The development application has been approved for a key component to Canberra's so-called $400 million "Big Battery" project, with the grid-scale Williamsdale installation to begin construction later this year.
At 250 megawatts of storage, it will be second only in size to the 300MW Territory Battery, planned to be built by French multinational Neoen, directly south of the Stockdill substation south of Holt.
Neoen built the first of the Stream 1 projects, the 100MW Capital Battery, next to Transgrid's Queanbeyan substation, using Chinese-made CATL batteries and installed by energy storage company Doosan.
The Capital Battery started out as a 50MW battery won from ACT government's 2020 renewable energy auction and has since increased to 100MW.
The Williamsdale project will be built by Eku Energy, a fast-growing company established less than two years ago by Macquarie Asset Management's Green Investment Group. It will store enough energy to power one-third of Canberra for two hours during peak demand periods.
To date, much of the Macquarie group's investment has been focused overseas with its most recent Australian large-scale project being a joint project with Shell Energy for the 200MW Rangebank Battery Energy Storage Storage (BESS) to be built on two hectares of land within the Rangebank Business Park in Melbourne's south-east, due for completion late this year.
The ACT has agreed to pay Eku Energy fixed quarterly payments over a period of 15 years in exchange for a "consequential share" of the revenue the battery generates in the national electricity market.
Eku Energy chief executive Dan Burrows described the Williamsdale project as "our first GWh of projects in delivery in Australia".
"We are proud to be working in partnership with the ACT government to deliver the development of the first stream of the Big Canberra Battery," he said.
The Williamsdale and Territory batteries will be part of the ACT's Stream 1 projects.

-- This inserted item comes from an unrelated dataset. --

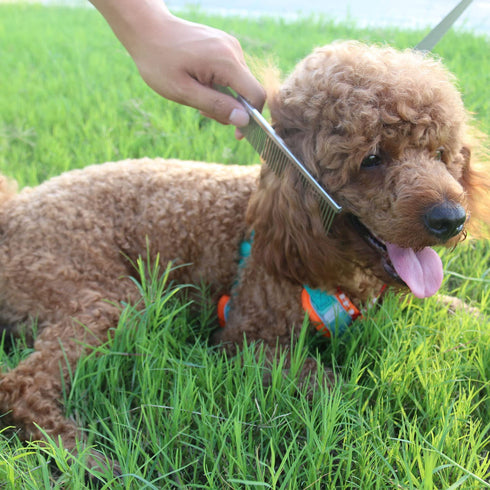 ROPO Dog Comb Tool for Removing Matted Fur, Pet Dematting Comb with Rounded Teeth and Non-Slip Grip Handle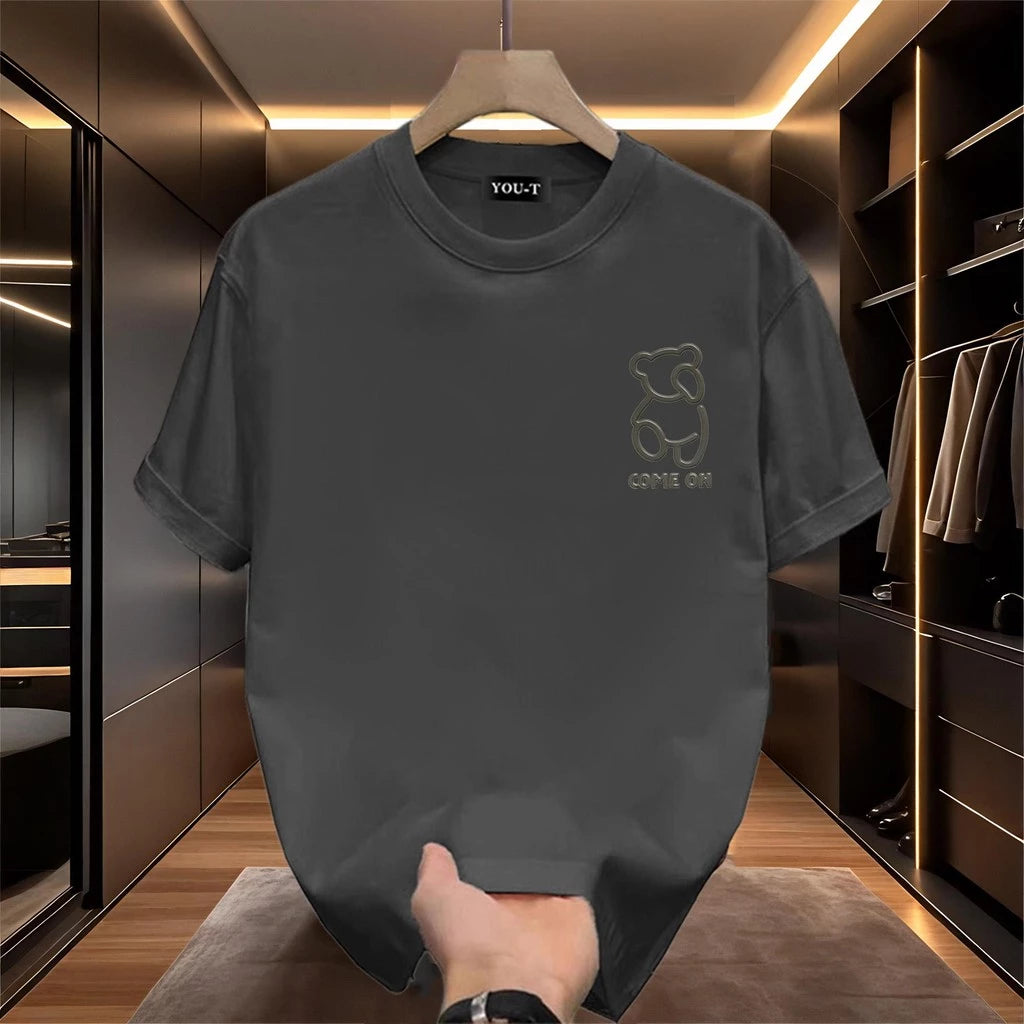 Oversized Fit T-Shirt "COME ON Bear" Men's Cotton Shirt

The ACT government has also finalised the installation of batteries at nine government sites across the city as part of its work on Stream 2 of the project. The Stream 2 sites include batteries capturing rooftop solar from nine government sites, including:
- Belconnen Parks Depot;
- Gungahlin Family and Child Centre;
- Allara Depot;
- Kambah Depot;
- Ron Reynolds Centre;
- Chifley Community Hub;
- Ngunnawal Bush Healing Farm;
- Cotter Depot; and
- Greenway Ambulance Station.
Two further batteries will be installed at Mt Stromlo High School and 255 Canberra Avenue, Fyshwick in early 2025.